Material provided ▸
__________
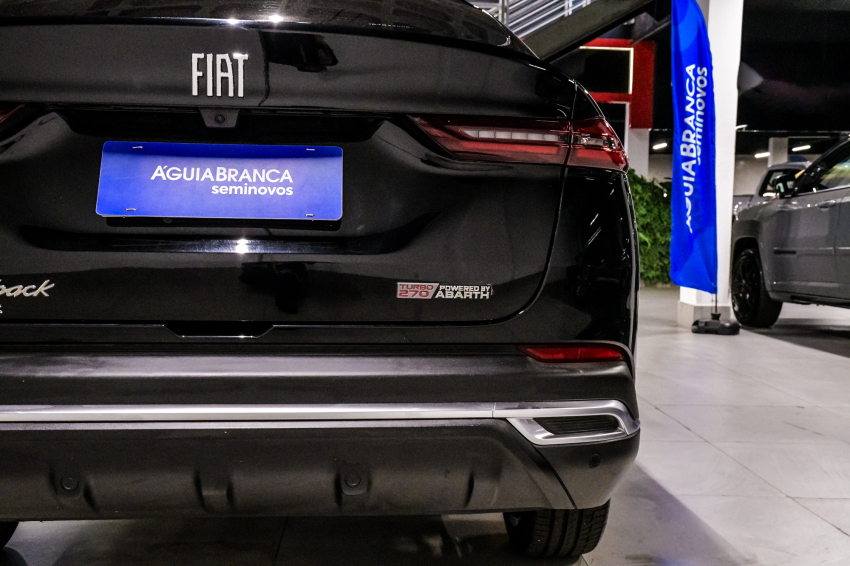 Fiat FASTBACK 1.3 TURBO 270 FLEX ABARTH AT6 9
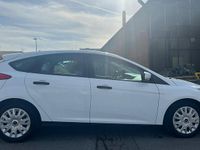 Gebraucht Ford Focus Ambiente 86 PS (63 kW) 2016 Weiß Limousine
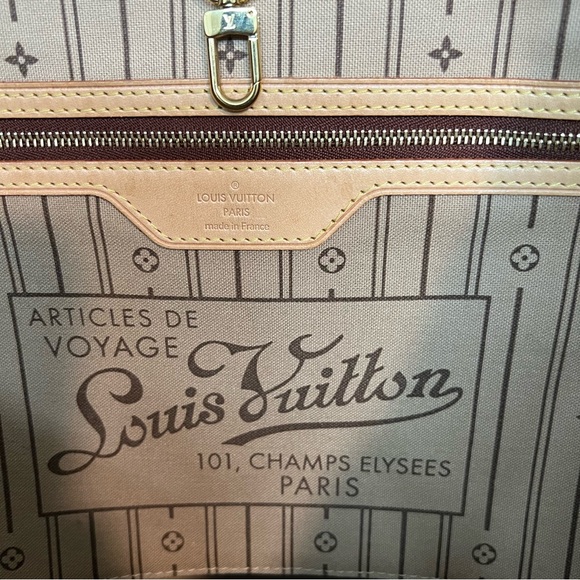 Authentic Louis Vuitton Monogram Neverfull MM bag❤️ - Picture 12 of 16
__________
What you have to do ▸
Without including any picture, write out the material above exactly.

Exercise output ▸
 Fiat FASTBACK 1.3 TURBO 270 FLEX ABARTH AT6 9
 Gebraucht Ford Focus Ambiente 86 PS (63 kW) 2016 Weiß Limousine
 Authentic Louis Vuitton Monogram Neverfull MM bag❤️ - Picture 12 of 16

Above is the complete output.